◆ Task to carry out ◆
Below is a listing from which only part is wanted; return exactly the lines from the one with "Пластиковая метелочка с" up to and including the one with "663 SE Lake Falls Street".

◆ Records shown ◆
□ □ □
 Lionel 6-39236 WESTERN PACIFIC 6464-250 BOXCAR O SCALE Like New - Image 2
□ □ □
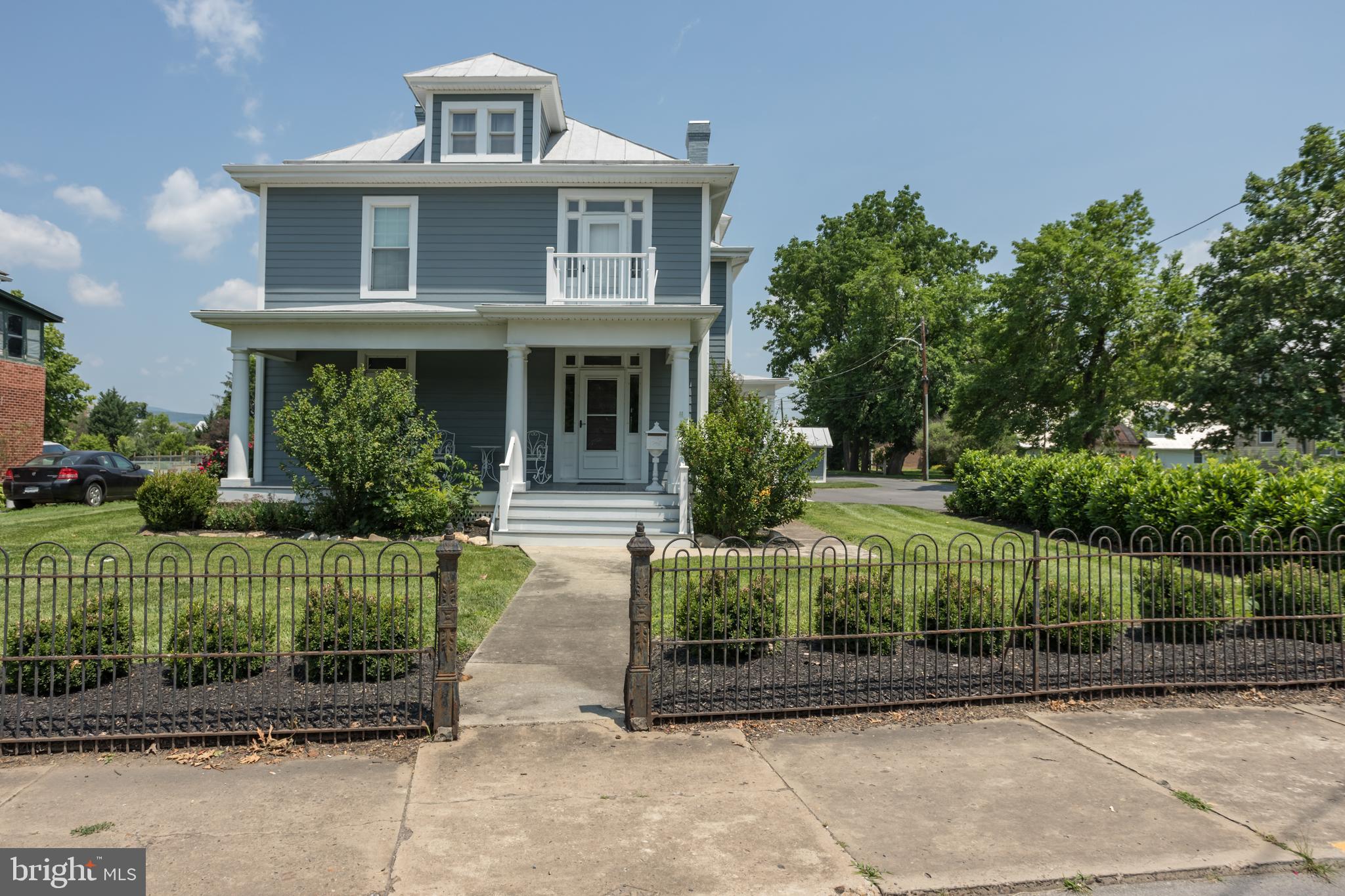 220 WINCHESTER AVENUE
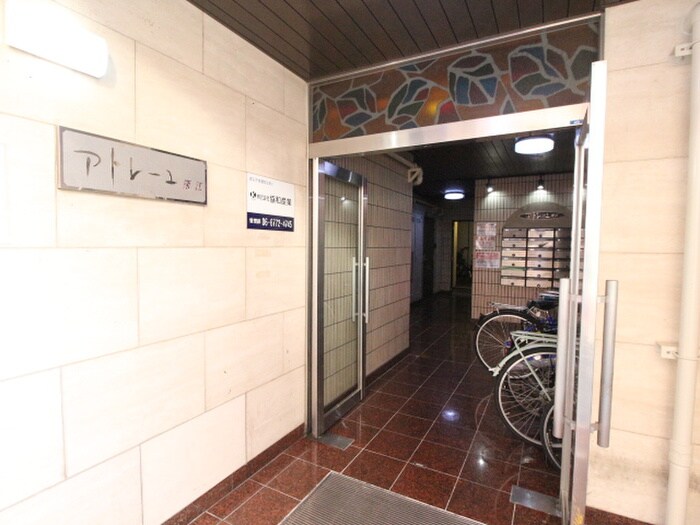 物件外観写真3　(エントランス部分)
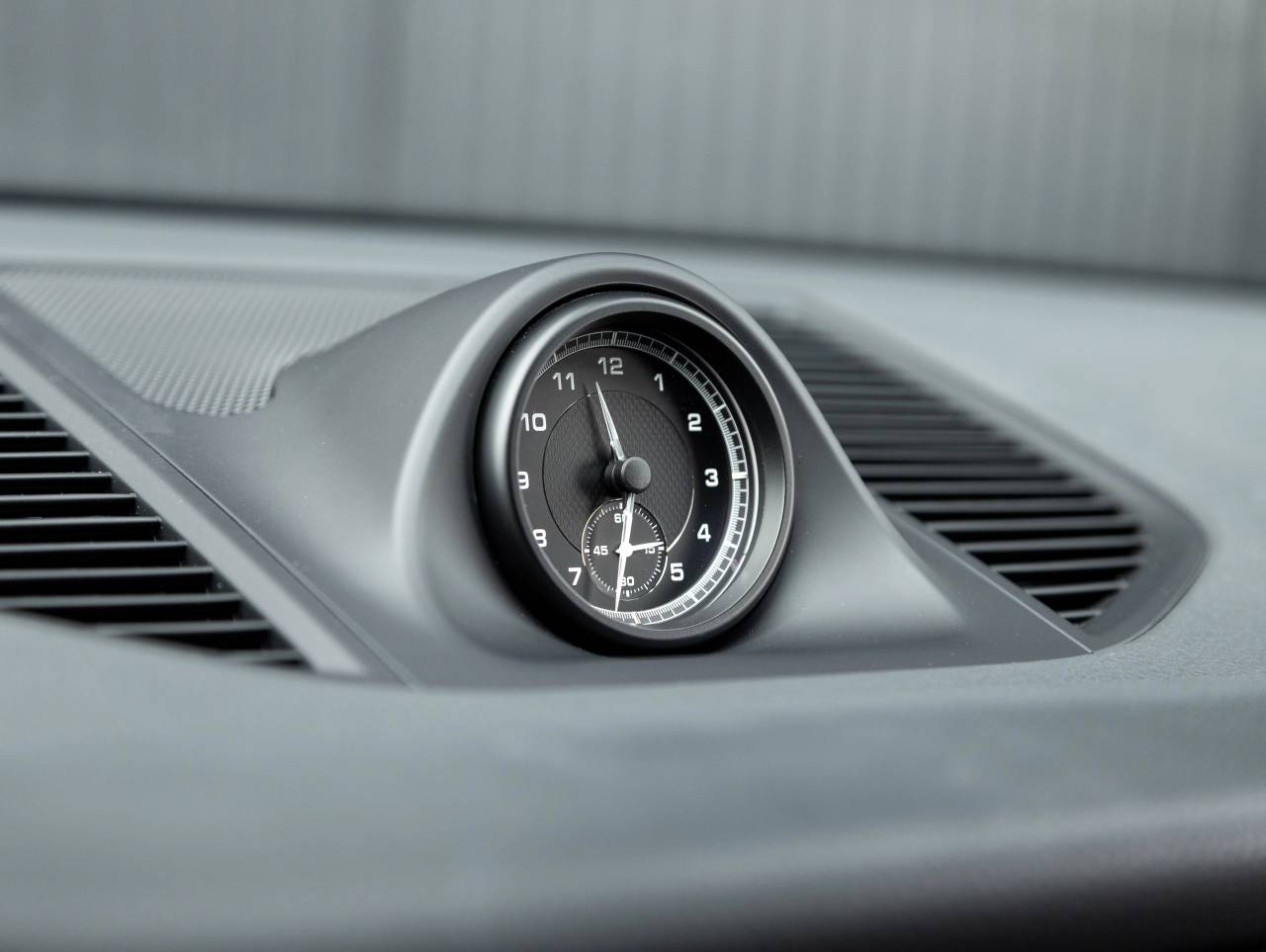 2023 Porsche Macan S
□ □ □
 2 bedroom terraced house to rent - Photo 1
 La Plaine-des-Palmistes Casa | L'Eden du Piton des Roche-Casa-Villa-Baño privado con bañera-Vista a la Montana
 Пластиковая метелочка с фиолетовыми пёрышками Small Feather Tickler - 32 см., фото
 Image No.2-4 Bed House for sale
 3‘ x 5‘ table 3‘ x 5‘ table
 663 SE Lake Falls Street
□ □ □
◆ Exercise output ◆
 Пластиковая метелочка с фиолетовыми пёрышками Small Feather Tickler - 32 см., фото
 Image No.2-4 Bed House for sale
 3‘ x 5‘ table 3‘ x 5‘ table
 663 SE Lake Falls Street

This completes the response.